BEGIN INFORMATION SHOWN
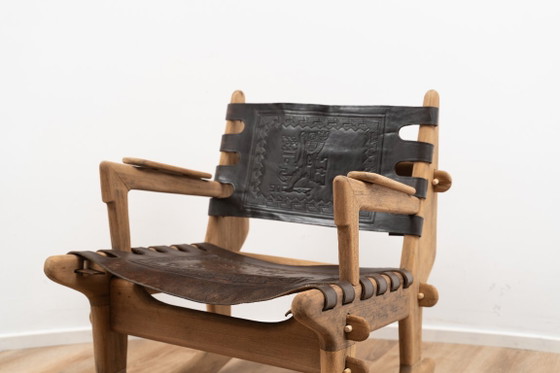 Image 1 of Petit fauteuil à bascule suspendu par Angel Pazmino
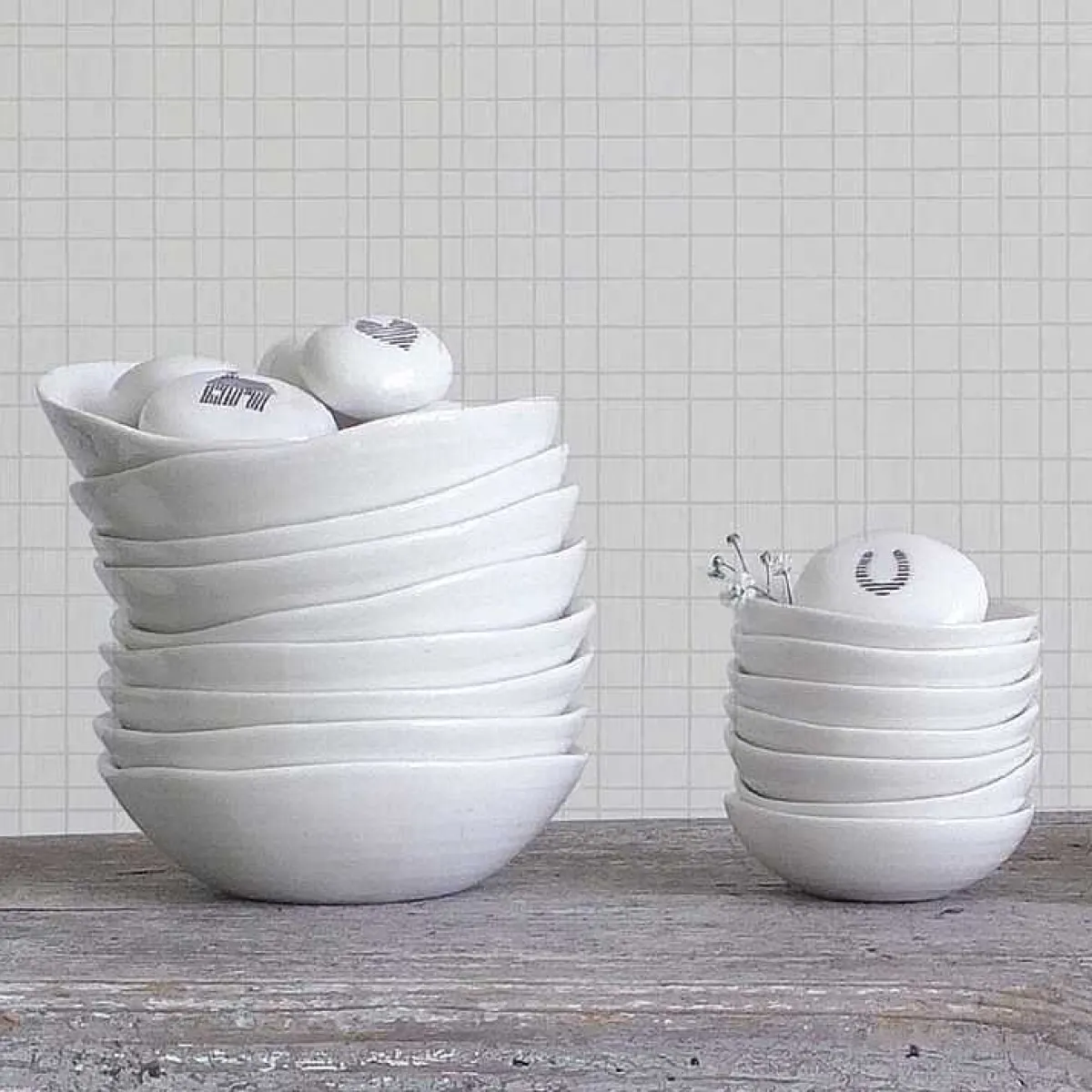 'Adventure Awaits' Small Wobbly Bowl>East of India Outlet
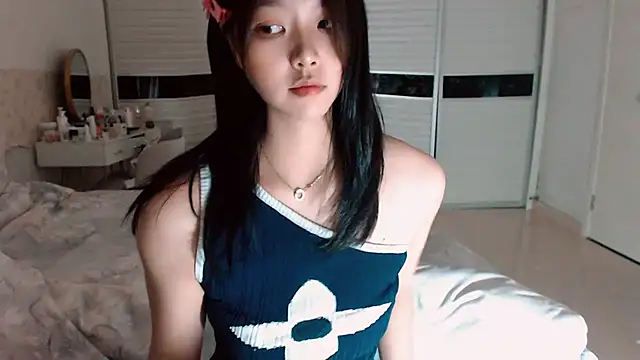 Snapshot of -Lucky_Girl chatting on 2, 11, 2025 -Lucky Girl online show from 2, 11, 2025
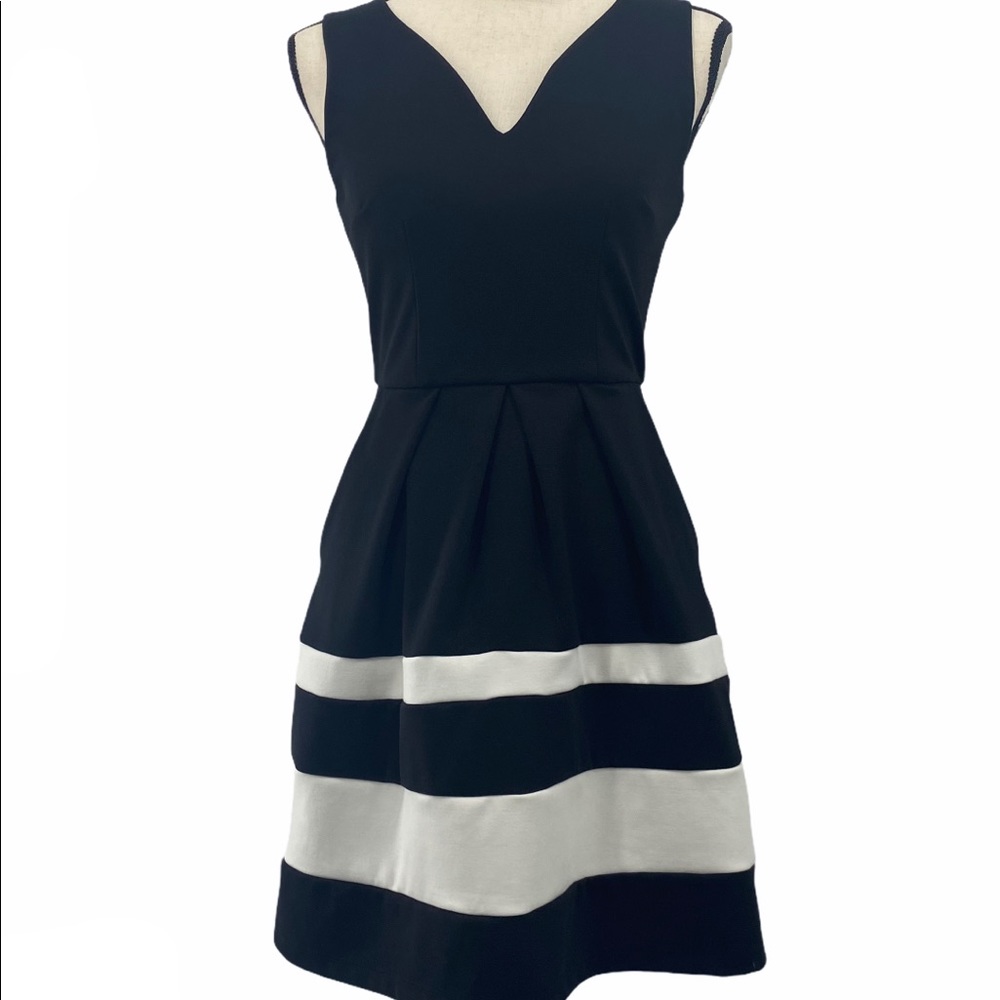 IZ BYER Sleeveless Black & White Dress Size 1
END INFORMATION SHOWN
Please produce an exact copy of the listing, omitting the pictures.

## OUTPUT OF THE EXERCISE
 Image 1 of Petit fauteuil à bascule suspendu par Angel Pazmino
 'Adventure Awaits' Small Wobbly Bowl>East of India Outlet
 Snapshot of -Lucky_Girl chatting on 2, 11, 2025 -Lucky Girl online show from 2, 11, 2025
 IZ BYER Sleeveless Black & White Dress Size 1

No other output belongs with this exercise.